Gravity of crime & punishment

Last year, over 40 prisoners who were among 68 sentenced to death, were acquitted by high courts.

By :  Editorial
Update: 2023-03-24 01:30 GMT
Supreme Court of India (right)

NEW DELHI: In what appears to be a revival of the debate surrounding capital punishment, the Supreme Court this week agreed for a fresh examination of the legality of the method employed i.e. death by hanging.

Four decades ago, the nation’s apex court upheld that the mode of executing death-row prisoners by hanging cannot be deemed too cruel or barbaric.
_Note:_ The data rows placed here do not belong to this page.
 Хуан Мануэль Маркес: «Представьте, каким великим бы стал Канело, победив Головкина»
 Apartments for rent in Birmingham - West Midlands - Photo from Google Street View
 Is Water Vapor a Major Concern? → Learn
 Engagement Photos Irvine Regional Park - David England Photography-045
The SC’s review rests on two counts – one of them being the non-application of the test of proportionality in the 1983 judgement, and the second being the scientific advancements made in 40 years that warrants an inquiry into a less painful method of execution.
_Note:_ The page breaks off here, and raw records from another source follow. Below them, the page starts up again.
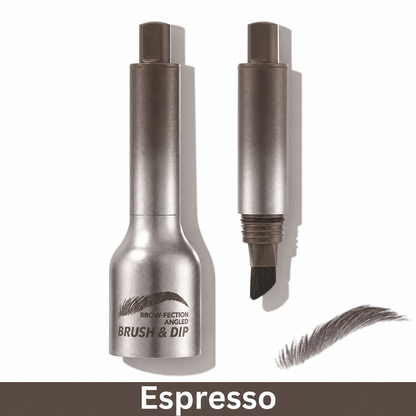 Supreme Eyebrow Brush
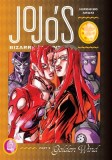 Jojo&#039;s Bizarre Adventure: Part 5--Golden Wind, Vol. 3, 3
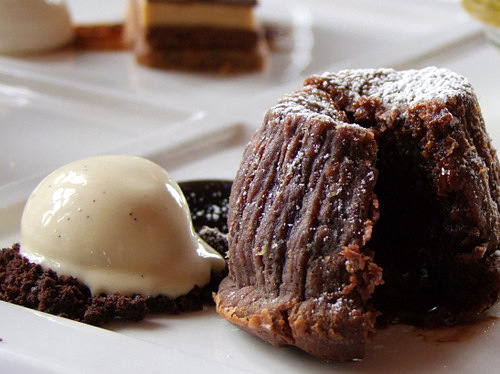 「上海2010 Jean Georges(ジャン・ジョルジュ)上海のランチ_a0000029_2202731.jpg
The apex court wants to analyse the impact of death by hanging, the suffering caused, the time taken, and more importantly, whether there is an alternative means more suited to upholding human dignity.
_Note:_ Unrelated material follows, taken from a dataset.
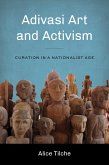 Adivasi Art and Activism (eBook, PDF)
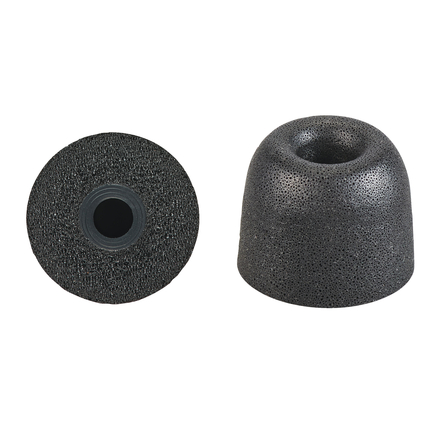 BOUCHONS D'OREILLES - 5 PAIRS BOUCHON DE REMPLACEMENT À MÉMOIRE DE FORME MILWAUKEE - 4932493360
There are two critical judgments on the issue – one of them is Bachan Singh vs State of Punjab (1980), a judgement which upheld capital punishment, but restricted it to the rarest of rare cases.

The second case is Deen Dayal vs Union of India and others (1983), which argued that hanging was the least painful method of execution, compared to alternatives like electrocution, use of a gas chamber, and lethal injection.

Interestingly, the 35th Report of the Law Commission (1967) had considered the three alternatives as a relatively less painful procedure.

The conversation is timely as the Supreme Court recently commuted the 10-year-old death sentence of a man accused of kidnapping and murdering a seven-year-old child, to 20 years’ imprisonment without remission.

The SC bench argued that the convict was amenable to reform as he had obtained a diploma while in jail for the past 14 years.

The acquisition of a vocation while imprisoned has an important bearing on his ability to lead a gainful life, the bench felt.

But, the judicial and administrative perspectives have sided more towards supporting capital punishment. Last year, courts across India sentenced as many as 165 people to death, which was the highest in two decades. This list included 38 convicts named by an Ahmedabad court in the 2008 serial blasts episode. Many States in India have also broadened the scope of crimes punishable by capital punishment, while over 50% of the death sentences were on account of crimes of a sexual nature. In 2018, the penal code prescribed the death penalty for sexual assault of girls under the age of 12. Rapists of children were also being sentenced to death in the courts of Karnataka, MP, Rajasthan and Haryana. The sale or manufacturing of spurious liquor invites capital punishment in MP and Punjab.

What is also being seen is that the Supreme Court has over the years narrowed down the scope of applying capital punishment in judgments.

Following the 1980 judgement, the apex court and high courts have commuted several death sentences to life imprisonment.

Last year, over 40 prisoners who were among 68 sentenced to death, were acquitted by high courts.

Those in support of the death penalty argue that such mechanisms are a necessity, not just as a deterrent, but as a means of offering some closure to the kin of the victims.

However, it has also been observed that procedural shortcomings and flawed investigations risk endangering the life of an innocent man or woman.

More than anything, the death penalty is ‘an eye for an eye’ response to acts of crime, and a process that holds no place in civilised societies.